------ Records provided ------

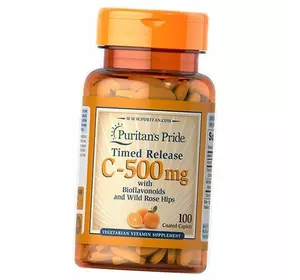 Витамин С с замедленным высвобождением, Vitamin C-500 with Rose Hips Time Release, Puritan's Pride  100каплет (36095001)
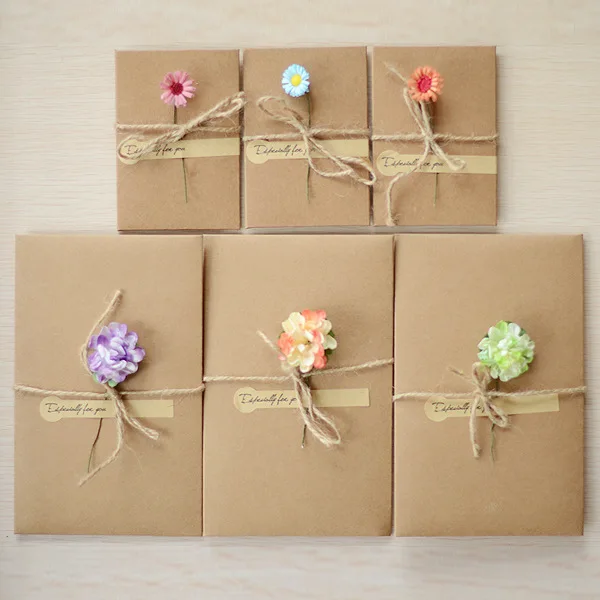 Creative Simple DIY Birthday Tanabata Teacher Day Christmas Vintage Kraft Paper Dried Flower Greeting Card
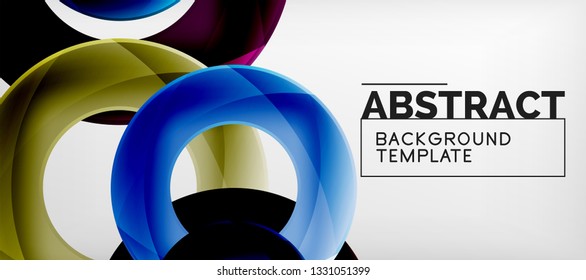 Flying circles geometric abstract background, vector illustration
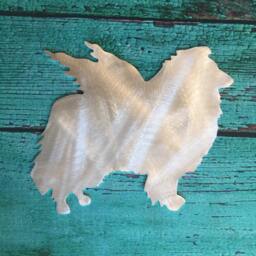 Rough Collie, Angel, Dog Tree Topper, Holiday Decoration, Wreath Christmas, Aluminum, Pet Memorial, Yard Stake Or Wall Hanging - thumbnail 1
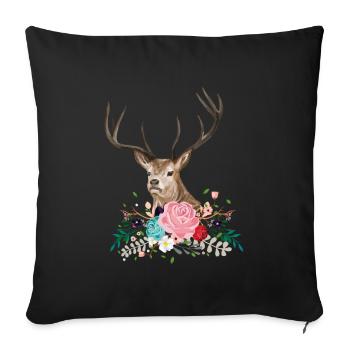 Deer Flower - Sofakissenbezug 45 x 45 cm - Schwarz - Vorne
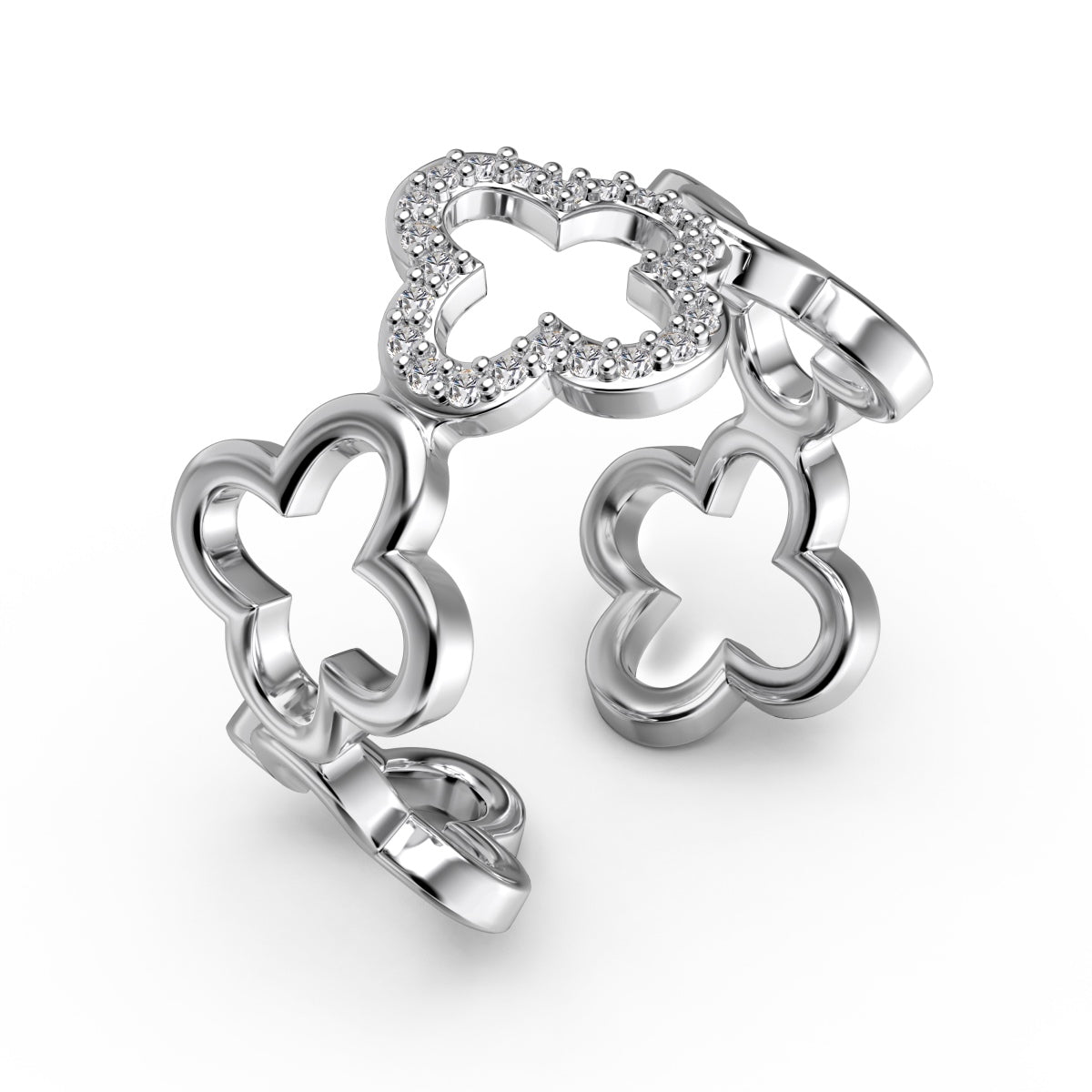 [HOT]Hollow Design Four-Leaf Clover Flower Shape Ring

------

» What to work on
One exact copy of the data, no pictures: write it out line for line.

» Solution to this task
 Витамин С с замедленным высвобождением, Vitamin C-500 with Rose Hips Time Release, Puritan's Pride  100каплет (36095001)
 Creative Simple DIY Birthday Tanabata Teacher Day Christmas Vintage Kraft Paper Dried Flower Greeting Card
 Flying circles geometric abstract background, vector illustration
 Rough Collie, Angel, Dog Tree Topper, Holiday Decoration, Wreath Christmas, Aluminum, Pet Memorial, Yard Stake Or Wall Hanging - thumbnail 1
 Deer Flower - Sofakissenbezug 45 x 45 cm - Schwarz - Vorne
 [HOT]Hollow Design Four-Leaf Clover Flower Shape Ring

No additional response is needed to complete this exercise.